Attorney General Bill Barr said during an interview aired on Tuesday that the early findings of an ongoing probe into federal surveillance abuses have been very troubling thus far and that it has shed light on some very recognizable names.

Barr said that the DOJ was “looking at” names that the American public might recognize and be disturbed by.

Barr asserted that despite the coronavirus pandemic, U.S. Attorney John Durham “has been working very aggressively to move forward,” and that there “will be public disclosure” of his findings.

“I think before the election, I think we’re concerned about the motive force behind the very aggressive investigation that was launched into the Trump campaign without, you know, with a very thin, slender reed as a basis for it,” Barr told Fox News Host Bret Baier. “It seemed that the bureau was sort of spring-loaded at the end of July to drive in there and investigate a campaign.”

The attorney general emphasized that he wasn’t concerned about criticisms of the Durham probe in an election year.

“For the first time in American history, police organizations and the national security organizations were used to spy on a campaign, and there was no basis for it,” Barr said.

“The media largely drove that — and all kinds of sensational claims were being made about the president that could have affected the election. And then and then later on, in his administration, there were actions taken that really appear to be efforts to sabotage his campaign. And that has to be looked at. And if people want to say that I’m political because I am looking at those potential abuses of power, so be it. But that’s the job of the attorney general.”

Internal FBI documents unsealed in April indicate that Peter Strzok – the now-disgraced anti-Trump former head of FBI counterintelligence – ordered the investigation of former national security adviser Michael Flynn to remain open even after it was slated to be closed due to a lack of so-called “derogatory” information.

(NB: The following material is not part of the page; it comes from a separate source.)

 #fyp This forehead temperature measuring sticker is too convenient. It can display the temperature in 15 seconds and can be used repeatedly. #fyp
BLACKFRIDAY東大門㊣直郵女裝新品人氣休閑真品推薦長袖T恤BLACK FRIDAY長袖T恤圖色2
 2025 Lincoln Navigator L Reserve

The materials surfaced just a day after explosive FBI communications revealed that top bureau officials discussed their motivations for interviewing Flynn in the White House on Jan. 24, 2017 — and openly questioned if their “goal” was “to get him to lie, so we can prosecute him or get him fired.”

“The other area of concern is that after the election, even though they were closing down some of that, as we’ve seen in the Flynn case, and say there’s nothing here, for some reason, they went right back at it, even at a time where the evidentiary support or claim support like the dossier was falling apart,” Barr said. “And it’s very hard to understand why they continued to push and even make public testimony that they had an investigation going when it was becoming painfully obvious or should have been obvious to anyone that there was nothing there.”

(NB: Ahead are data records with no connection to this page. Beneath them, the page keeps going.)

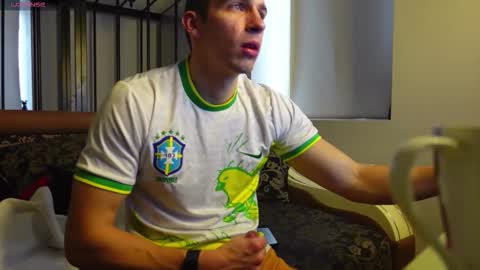 Snapshot of ryan_dozer chatting on November 20, 8:14 am RYAN DOZER online show from November 20, 8:14 am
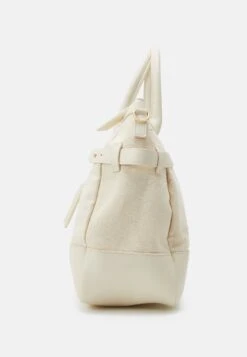Even&Odd Weekend Bag - Off-White -Chic Mode Shop 3e2b0786795147c5946b1aede8460420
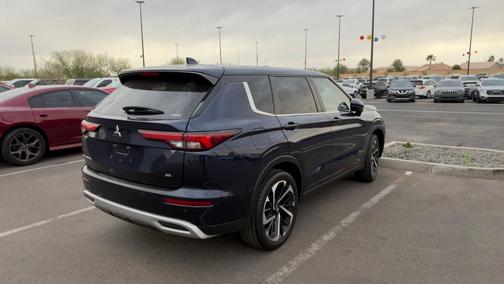 2023 Mitsubishi Outlander SE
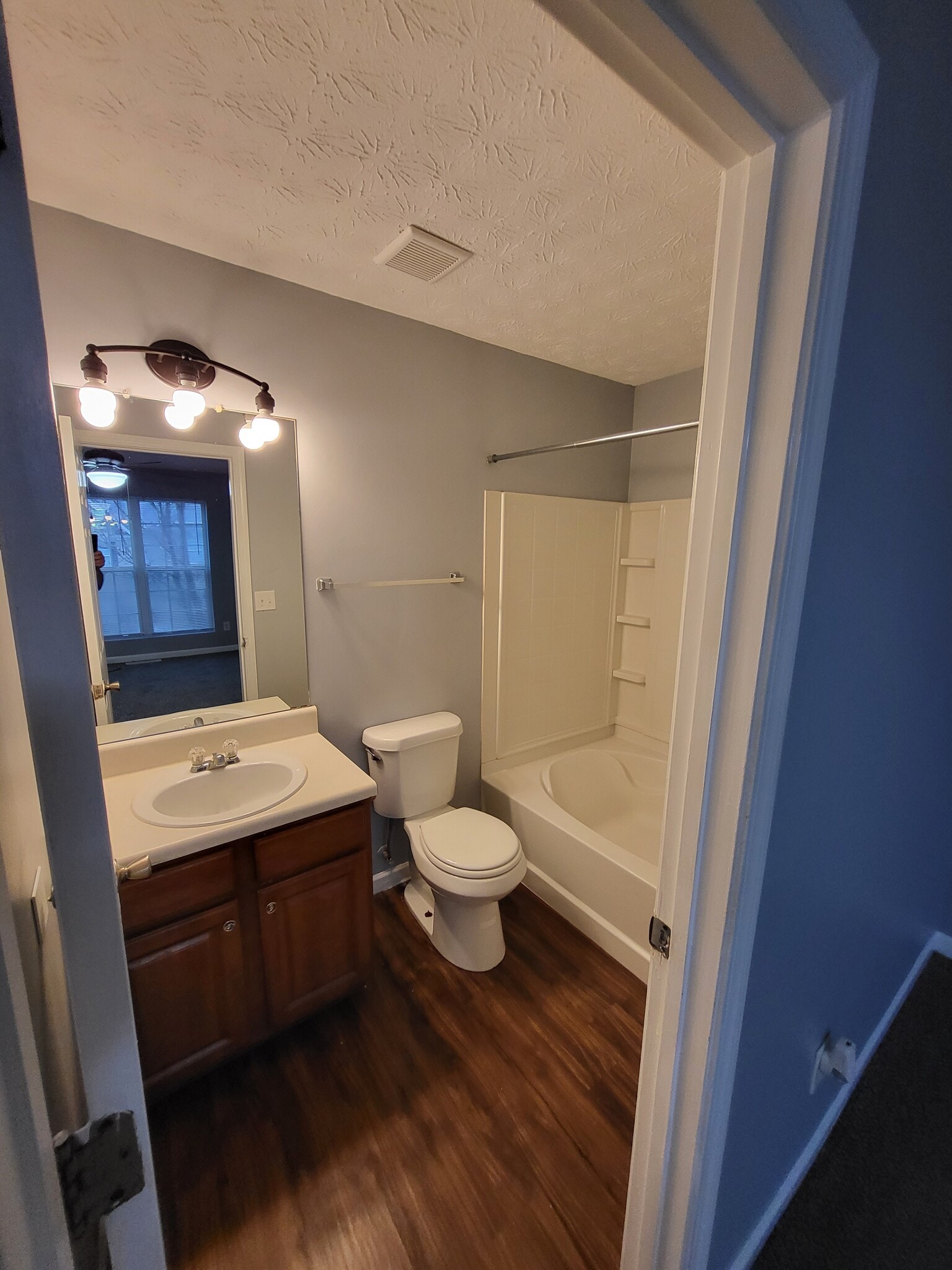 Master Bathroom - 2758 Valley Green Dr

Barr said he couldn’t comment on whether criminal charges were coming but that people shouldn’t become impatient. “We can’t discuss future charges. But I have to say that I do find a little irritating,” Barr said.

“You know, the propensity in the American public on all sides of the political spectrum when they see something they think could be a criminal violation, I say, why hasn’t this person been indicted again? And, you know, there’s the old saying that that the wheels of justice grind slow and they do run slow because we have due process and we follow the process. But people should not draw from the fact that no action has been taken that taken yet, that that means that people or people are going to get away with wrongdoing.”